##### __Skill Level:__ <span style="color:blue">Intermediate</span>

# Intro to MMBatch AWS

## Overview

Memory Machine Batch or MMBatch is a software platform that helps users manage cloud resources, deploy applications, and run workloads using AWS Batch. Created by the company MemVerge, MMBatch uses persistent memory to create a large, fast, and persistent memory pool that acts as an extension of a computer's main memory.
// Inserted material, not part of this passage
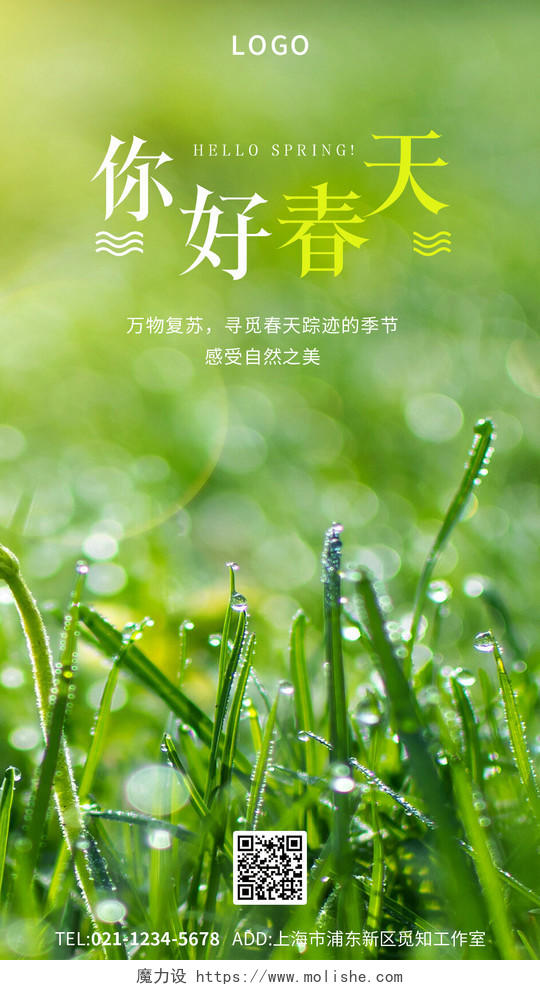 绿色你好春天清新春天春季树叶草地摄影图手机海报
This accelerates the run time of applications and workflows and is cost effective.

For this tutorial we will run a Nextflow pipeline and compare the cost and run time results using MMBatch.

## Prerequisites

For this tutorial please have already created the following:
- VPC
- Atleast 2 subnets in us-east-1a to us-east-1d
- EC2 instance Key Pairs .pem file
- NIH Users please keep your VPN on for the remainder of the tutorial

If you have not already create a key pair follow the instructions listed here:
- Type 'EC2' in the browser 
- On the left side menu under ** Network & Security** go to **Key Pairs**
- Click **Create key pair**
- Give your key pair a name
- Select **RSA** as the key pair type
- Select **.pem** as the Private key file format
- At the bottom of the screen click **Create key pair** 

## Learning objectives

In this tutorial you will learn to:
- Subscribe to MMBatch
- Launch a Cloud Formation stack 
- Access the MMBatch head node and dashboard
- Submit jobs to MMBatch using Nexflow

## Pricing

If you are following this tutorial in one sitting it will cost ~$1. Completing the process in multiple sessions or using a method different from the tutorial may result in increased costs.

## Get started

### Subscribe to MMBatch

Inorder to use MMBatch we first need to purchase the license. You can do this by navigating to the AWS Marketplace within the AWS console. In the AWS Marketplace search and select **'Memory Machine Batch'**. Select your region then click **'Continue to Subscribe'**.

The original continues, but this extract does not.